Não há outra solução, portanto, a não ser chamar de vez a iniciativa privada, que já contribui de forma significativa – os governos nas três esferas responderam por apenas um terço do investimento em infraestrutura no ano passado – e demonstrou que, quando há previsibilidade jurídica e bons marcos regulatórios, está disposta a colocar ainda mais recursos. Basta lembrar o caso do Marco Legal das Ferrovias, aprovado no fim de 2021 e que havia disparado uma onda de pedidos de autorização, somando dezenas de bilhões de reais em novos investimentos. O mesmo pode ser dito do Novo Marco do Saneamento. No entanto, com a substituição de um governo ciente do papel da iniciativa privada por outro que segue cultivando o atraso estatizante, as perspectivas se tornam menos animadoras. O próprio Porto de Santos é um caso emblemático, já que Lula engavetou os planos para sua privatização. Ainda que a prática internacional para portos seja a de propriedade estatal com operação privada, no exterior ela tem caráter bastante técnico, enquanto no Brasil a forte ingerência político-partidária é a norma.
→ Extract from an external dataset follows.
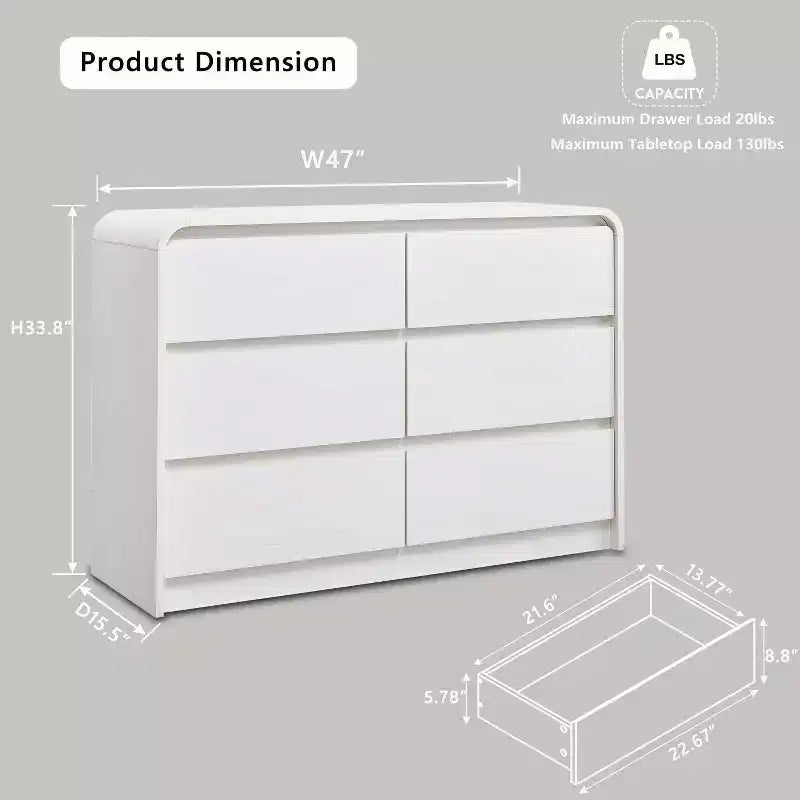 Comò verticale moderno a 6 cassetti - Mobile contenitore in legno da 120 cm, Cassettiera per camera da letto e soggiorno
Evidentemente há casos de estradas, aeroportos e outras instalações de infraestrutura com boa qualidade e administração direta estatal. No entanto, a regra geral continua sendo a de que a iniciativa privada tende a entregar melhores resultados aos usuários, sendo capaz de fazer investimentos que o Estado não tem condições de realizar. Isso é atestado pelos rankings anuais de rodovias da Confederação Nacional do Transporte, ou por afirmações como a de Martha Seillier, que foi diretora da Secretaria de Aviação Civil (SAC) no governo Dilma Rousseff e disse, por ocasião da inauguração do Terminal 3 do Aeroporto Internacional de Guarulhos (SP), em 2014, que “a Infraero não faria o que foi feito com a mesma qualidade e no mesmo período”. Se Lula não fosse tão apegado a seus dogmas estatistas, poderia aprender algo com Tarcísio de Freitas a esse respeito.
O custo estimado para o túnel Santos-Guarujá é de R$ 6 bilhões, e não de R$ 6 milhões como anteriormente publicado.